**** THE DATA ****

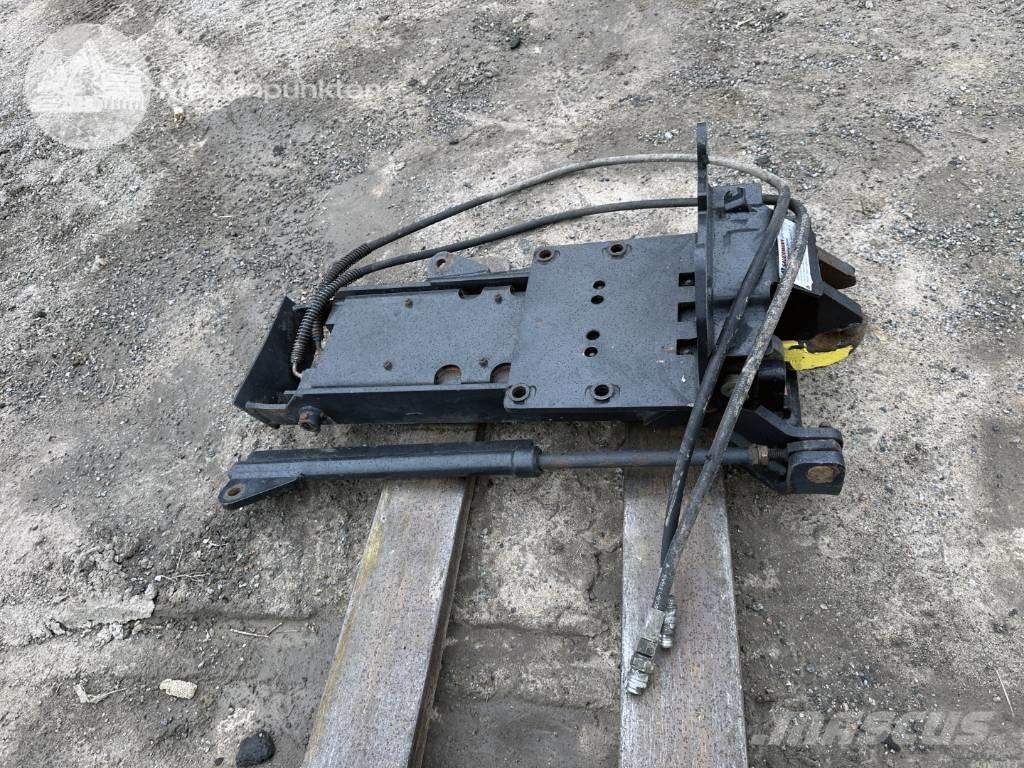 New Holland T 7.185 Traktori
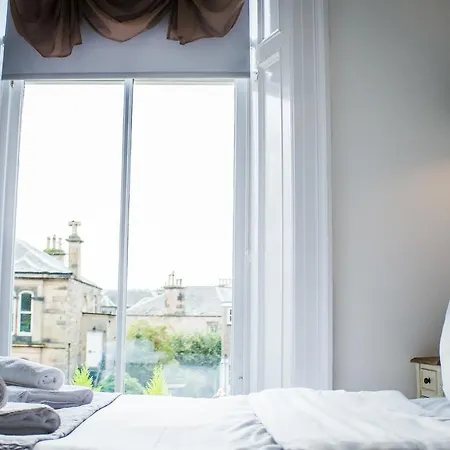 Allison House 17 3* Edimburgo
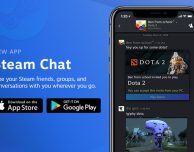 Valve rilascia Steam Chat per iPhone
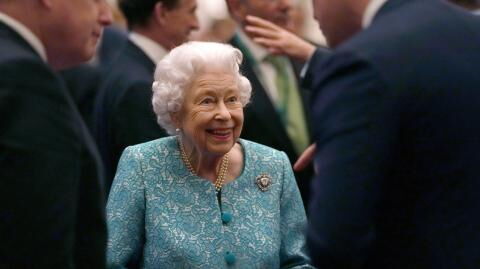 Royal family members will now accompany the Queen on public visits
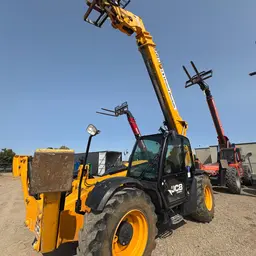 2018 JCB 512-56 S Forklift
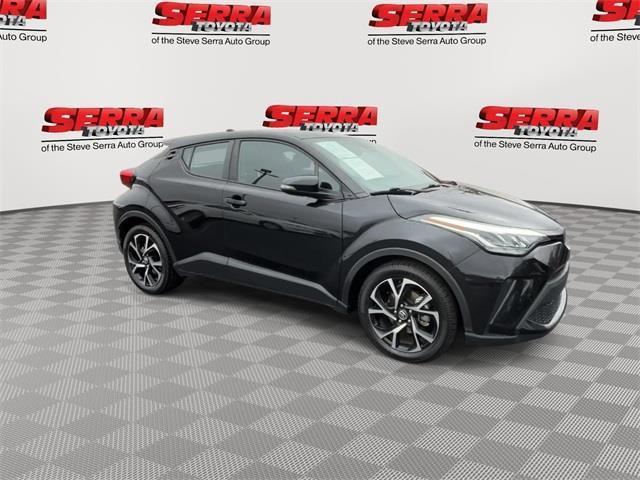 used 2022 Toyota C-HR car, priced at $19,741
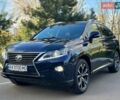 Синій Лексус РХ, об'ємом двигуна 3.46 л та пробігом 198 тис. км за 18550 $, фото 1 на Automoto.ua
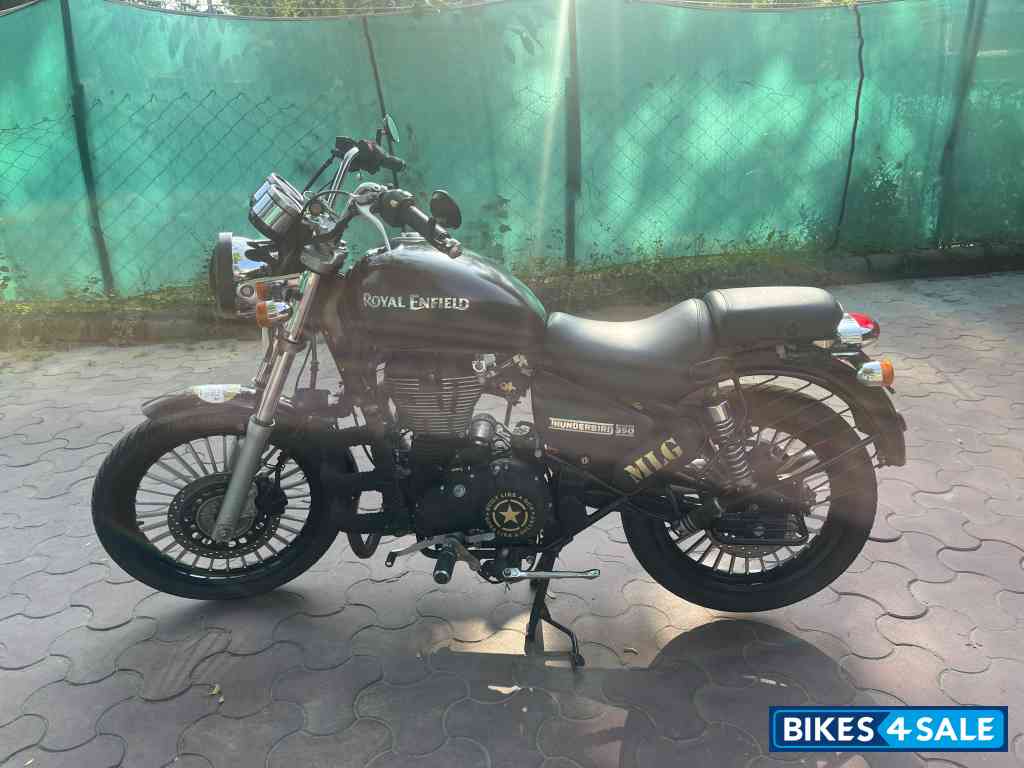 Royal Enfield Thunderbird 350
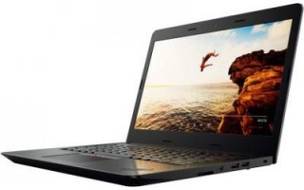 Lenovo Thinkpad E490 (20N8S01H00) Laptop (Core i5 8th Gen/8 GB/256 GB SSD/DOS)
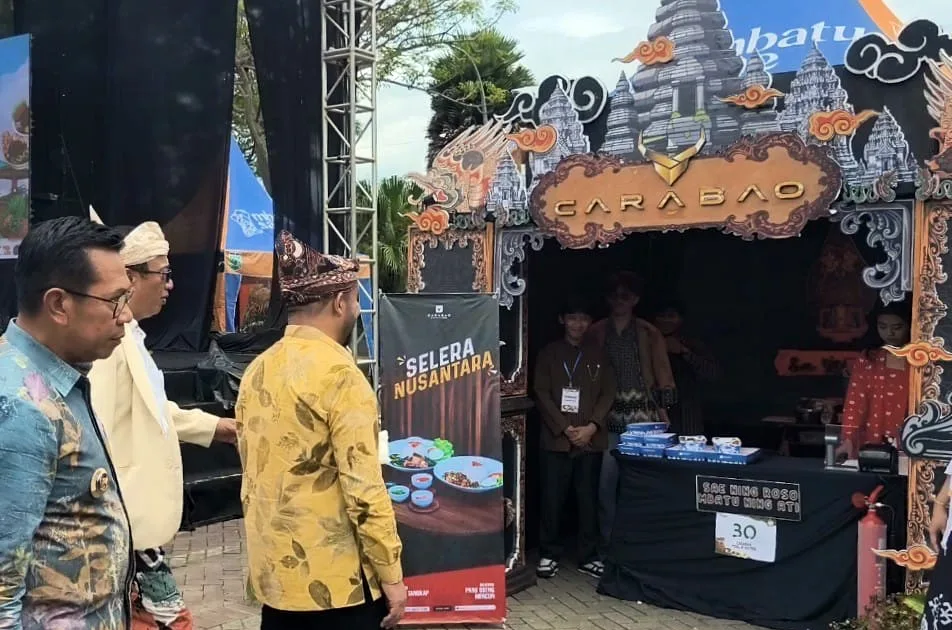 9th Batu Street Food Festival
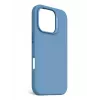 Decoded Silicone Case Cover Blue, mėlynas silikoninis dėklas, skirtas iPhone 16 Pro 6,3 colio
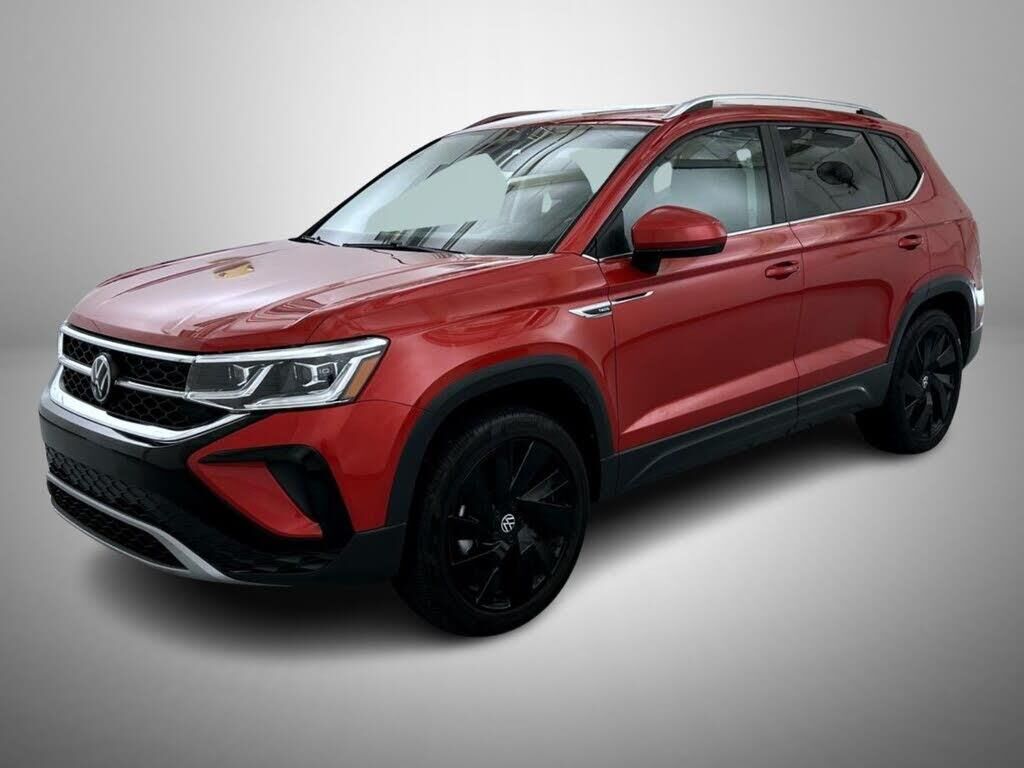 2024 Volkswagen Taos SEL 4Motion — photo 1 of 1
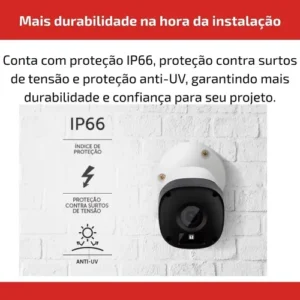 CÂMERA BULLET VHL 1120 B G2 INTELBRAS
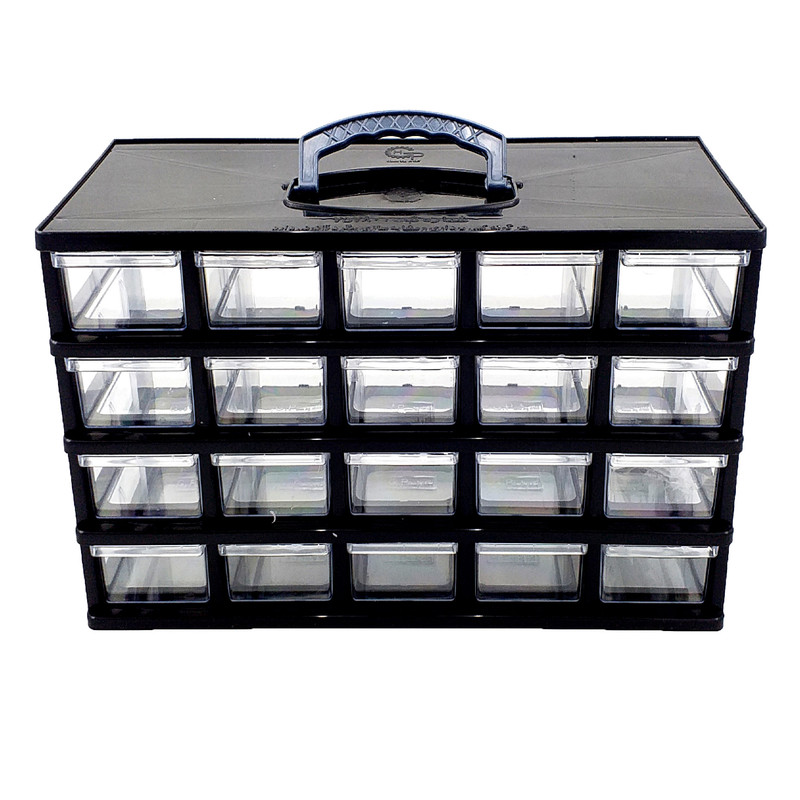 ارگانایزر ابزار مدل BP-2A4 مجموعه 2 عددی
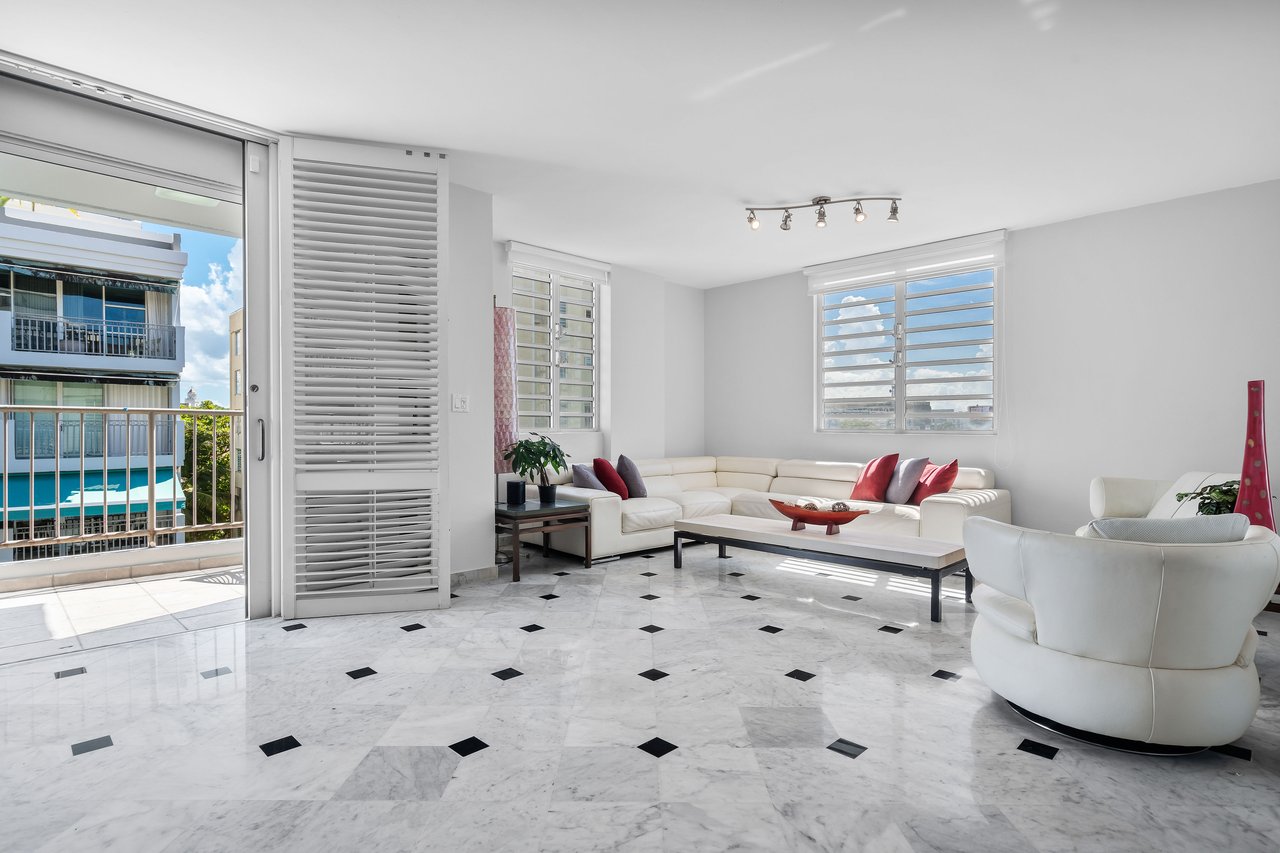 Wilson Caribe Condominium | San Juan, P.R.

****

Please transcribe exactly the lines from the one that contains "Royal Enfield Thunderbird 350" through the closing line of the entries, with no pictures.

**RESULT OF THIS TASK**.
 Royal Enfield Thunderbird 350
 Lenovo Thinkpad E490 (20N8S01H00) Laptop (Core i5 8th Gen/8 GB/256 GB SSD/DOS)
 9th Batu Street Food Festival
 Decoded Silicone Case Cover Blue, mėlynas silikoninis dėklas, skirtas iPhone 16 Pro 6,3 colio
 2024 Volkswagen Taos SEL 4Motion — photo 1 of 1
 CÂMERA BULLET VHL 1120 B G2 INTELBRAS
 ارگانایزر ابزار مدل BP-2A4 مجموعه 2 عددی
 Wilson Caribe Condominium | San Juan, P.R.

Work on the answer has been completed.